* What is required: All lines from the one that contains "レクサス ＲＸ 300" through the final line of the entries must be repeated exactly. No other lines belong in the output.

□ □ □ □

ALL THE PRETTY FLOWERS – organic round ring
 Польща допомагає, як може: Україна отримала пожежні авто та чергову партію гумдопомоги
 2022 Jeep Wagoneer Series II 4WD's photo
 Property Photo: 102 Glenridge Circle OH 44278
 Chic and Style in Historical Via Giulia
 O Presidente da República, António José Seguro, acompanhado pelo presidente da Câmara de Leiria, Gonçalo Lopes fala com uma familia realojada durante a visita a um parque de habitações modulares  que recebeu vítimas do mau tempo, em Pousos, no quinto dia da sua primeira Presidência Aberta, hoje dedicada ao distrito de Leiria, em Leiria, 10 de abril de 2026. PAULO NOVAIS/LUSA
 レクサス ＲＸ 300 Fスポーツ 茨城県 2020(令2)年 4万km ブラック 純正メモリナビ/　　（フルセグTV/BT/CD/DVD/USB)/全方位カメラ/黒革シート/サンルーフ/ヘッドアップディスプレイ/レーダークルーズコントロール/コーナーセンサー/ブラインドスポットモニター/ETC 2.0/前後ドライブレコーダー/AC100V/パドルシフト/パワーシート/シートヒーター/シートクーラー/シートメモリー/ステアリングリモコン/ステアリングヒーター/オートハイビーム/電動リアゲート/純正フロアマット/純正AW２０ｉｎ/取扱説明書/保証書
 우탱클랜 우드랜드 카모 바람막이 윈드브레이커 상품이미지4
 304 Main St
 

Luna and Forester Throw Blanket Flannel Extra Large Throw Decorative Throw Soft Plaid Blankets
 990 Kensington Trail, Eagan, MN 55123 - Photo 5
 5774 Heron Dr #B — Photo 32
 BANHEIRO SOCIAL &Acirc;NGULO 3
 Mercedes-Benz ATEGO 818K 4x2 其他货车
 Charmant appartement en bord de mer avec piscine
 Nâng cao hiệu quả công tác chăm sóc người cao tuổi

□ □ □ □

* Answer to this problem:
 レクサス ＲＸ 300 Fスポーツ 茨城県 2020(令2)年 4万km ブラック 純正メモリナビ/　　（フルセグTV/BT/CD/DVD/USB)/全方位カメラ/黒革シート/サンルーフ/ヘッドアップディスプレイ/レーダークルーズコントロール/コーナーセンサー/ブラインドスポットモニター/ETC 2.0/前後ドライブレコーダー/AC100V/パドルシフト/パワーシート/シートヒーター/シートクーラー/シートメモリー/ステアリングリモコン/ステアリングヒーター/オートハイビーム/電動リアゲート/純正フロアマット/純正AW２０ｉｎ/取扱説明書/保証書
 우탱클랜 우드랜드 카모 바람막이 윈드브레이커 상품이미지4
 304 Main St
 

Luna and Forester Throw Blanket Flannel Extra Large Throw Decorative Throw Soft Plaid Blankets
 990 Kensington Trail, Eagan, MN 55123 - Photo 5
 5774 Heron Dr #B — Photo 32
 BANHEIRO SOCIAL &Acirc;NGULO 3
 Mercedes-Benz ATEGO 818K 4x2 其他货车
 Charmant appartement en bord de mer avec piscine
 Nâng cao hiệu quả công tác chăm sóc người cao tuổi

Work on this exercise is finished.